Nvidia Completes Stock Split To Make Shares More Affordable
The 10-for-1 stock split at Nvidia has taken place, after the meteoric share price rise helped it become one of the most valuable tech firms
Nvidia has completed its 10-for-1 stock split, as the GPU powerhouse seeks to lower its share price to help new investors acquire shares.
Last Friday Nvidia’s share price, which had been trading around $1,200 per share, underwent a 10-for-1 stock split, with its share price trading at $120 on Monday.
On Wednesday morning Nvidia’s share price was trading at $121.91.
Nvidia’s share price has rocketed in value during the past 12 months, so much so that last week the firm briefly overtook Apple to become the second most valuable tech firm in the world, worth over $3 trillion.
More affordable shares
With Nvidia’s share price last week trading at around $1,224.40 – the high price made it difficult for some investors to purchase whole shares.

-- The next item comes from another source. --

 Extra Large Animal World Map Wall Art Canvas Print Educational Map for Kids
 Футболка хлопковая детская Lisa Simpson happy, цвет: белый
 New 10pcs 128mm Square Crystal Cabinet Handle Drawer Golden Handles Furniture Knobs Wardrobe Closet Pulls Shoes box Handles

So the Associated Press reported that Nvidia carried out a stock split at the close of trading last Friday, where it divided its existing shares to increase the number of shares available to investors.
Nvidia carried out a 10-1 stock split, which means each share was divided in 10.
This means that if an investor previously had 10 Nvidia shares, they will now have 100.
However, the value of the investor’s overall shareholding will remain the same, as the share price was also divided up.
Meteoric shares
Nvidia’s stock price has endured a meteoric rise in recent years, after it more than tripled in 2023.
Indeed in May 2023 Nvidia’s market value had surpassed the $1 trillion mark.
So far in 2024, Nvidia’s share price has more than doubled.
Indeed, it was only in February 2024 when Nvidia’s Q4 and FY24 results had helped push the firm’s market value (market capitalisation) close to the $2 trillion mark.
Then just three months after reaching close to the $2 trillion mark, Nvidia added another $1 trillion in market value, which is quite a remarkable achievement.
Nvidia has seen soaring demand for its semiconductors, which are used to power artificial intelligence applications.